PROBLEM TO WORK ON: From the entries below, please output exactly the lines starting at the one containing "Bon Jovi - 7800° Fahrenheit (CD)" and ending at the one containing "ラ・セーヌブランシュのフェア画像", both included.

INFORMATION:
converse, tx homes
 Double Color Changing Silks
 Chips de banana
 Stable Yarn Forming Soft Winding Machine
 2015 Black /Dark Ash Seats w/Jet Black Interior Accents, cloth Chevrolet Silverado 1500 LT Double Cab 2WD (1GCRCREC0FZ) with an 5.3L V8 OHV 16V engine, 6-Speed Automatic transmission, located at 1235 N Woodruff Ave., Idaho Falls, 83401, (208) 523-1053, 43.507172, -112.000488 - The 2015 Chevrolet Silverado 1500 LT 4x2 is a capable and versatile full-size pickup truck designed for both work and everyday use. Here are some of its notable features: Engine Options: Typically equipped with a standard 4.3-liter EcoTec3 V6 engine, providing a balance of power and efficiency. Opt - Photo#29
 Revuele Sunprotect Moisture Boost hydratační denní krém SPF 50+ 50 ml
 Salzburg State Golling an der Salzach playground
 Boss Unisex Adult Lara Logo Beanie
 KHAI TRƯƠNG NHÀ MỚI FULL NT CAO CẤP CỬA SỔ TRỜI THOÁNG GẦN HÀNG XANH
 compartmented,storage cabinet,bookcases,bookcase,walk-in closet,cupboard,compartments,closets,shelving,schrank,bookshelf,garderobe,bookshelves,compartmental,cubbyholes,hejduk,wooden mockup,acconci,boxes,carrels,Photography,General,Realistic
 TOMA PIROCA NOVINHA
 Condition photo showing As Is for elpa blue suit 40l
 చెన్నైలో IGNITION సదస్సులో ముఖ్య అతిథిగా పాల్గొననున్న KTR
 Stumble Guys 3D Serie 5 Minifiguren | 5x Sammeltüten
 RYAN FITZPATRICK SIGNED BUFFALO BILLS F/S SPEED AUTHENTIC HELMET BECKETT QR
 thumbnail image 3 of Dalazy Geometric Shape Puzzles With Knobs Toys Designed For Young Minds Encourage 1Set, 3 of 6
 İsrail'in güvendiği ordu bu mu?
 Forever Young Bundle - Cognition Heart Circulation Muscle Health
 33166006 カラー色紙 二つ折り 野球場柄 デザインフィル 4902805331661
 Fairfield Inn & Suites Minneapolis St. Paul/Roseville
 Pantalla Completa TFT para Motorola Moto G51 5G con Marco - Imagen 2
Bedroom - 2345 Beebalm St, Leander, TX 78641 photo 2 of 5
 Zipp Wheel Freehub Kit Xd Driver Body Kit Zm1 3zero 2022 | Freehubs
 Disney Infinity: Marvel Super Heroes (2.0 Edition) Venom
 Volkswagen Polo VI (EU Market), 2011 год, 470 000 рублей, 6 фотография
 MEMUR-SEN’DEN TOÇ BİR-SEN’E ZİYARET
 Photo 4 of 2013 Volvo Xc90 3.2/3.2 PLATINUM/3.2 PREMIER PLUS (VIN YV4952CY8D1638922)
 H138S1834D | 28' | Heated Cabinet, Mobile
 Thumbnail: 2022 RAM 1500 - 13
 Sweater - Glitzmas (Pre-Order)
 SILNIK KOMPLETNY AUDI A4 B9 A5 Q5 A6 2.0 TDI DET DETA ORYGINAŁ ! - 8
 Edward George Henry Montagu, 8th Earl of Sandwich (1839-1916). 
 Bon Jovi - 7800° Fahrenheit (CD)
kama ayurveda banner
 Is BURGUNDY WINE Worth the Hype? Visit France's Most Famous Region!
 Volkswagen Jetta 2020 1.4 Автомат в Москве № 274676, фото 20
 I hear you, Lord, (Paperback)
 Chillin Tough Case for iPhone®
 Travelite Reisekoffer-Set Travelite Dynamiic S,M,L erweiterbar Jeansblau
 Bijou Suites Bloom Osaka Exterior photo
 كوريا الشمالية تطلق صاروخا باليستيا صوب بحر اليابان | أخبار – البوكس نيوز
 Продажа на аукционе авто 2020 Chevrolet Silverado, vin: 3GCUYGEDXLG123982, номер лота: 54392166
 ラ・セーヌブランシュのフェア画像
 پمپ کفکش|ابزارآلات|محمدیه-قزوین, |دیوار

RESPONSE BELOW:
 Bon Jovi - 7800° Fahrenheit (CD)
kama ayurveda banner
 Is BURGUNDY WINE Worth the Hype? Visit France's Most Famous Region!
 Volkswagen Jetta 2020 1.4 Автомат в Москве № 274676, фото 20
 I hear you, Lord, (Paperback)
 Chillin Tough Case for iPhone®
 Travelite Reisekoffer-Set Travelite Dynamiic S,M,L erweiterbar Jeansblau
 Bijou Suites Bloom Osaka Exterior photo
 كوريا الشمالية تطلق صاروخا باليستيا صوب بحر اليابان | أخبار – البوكس نيوز
 Продажа на аукционе авто 2020 Chevrolet Silverado, vin: 3GCUYGEDXLG123982, номер лота: 54392166
 ラ・セーヌブランシュのフェア画像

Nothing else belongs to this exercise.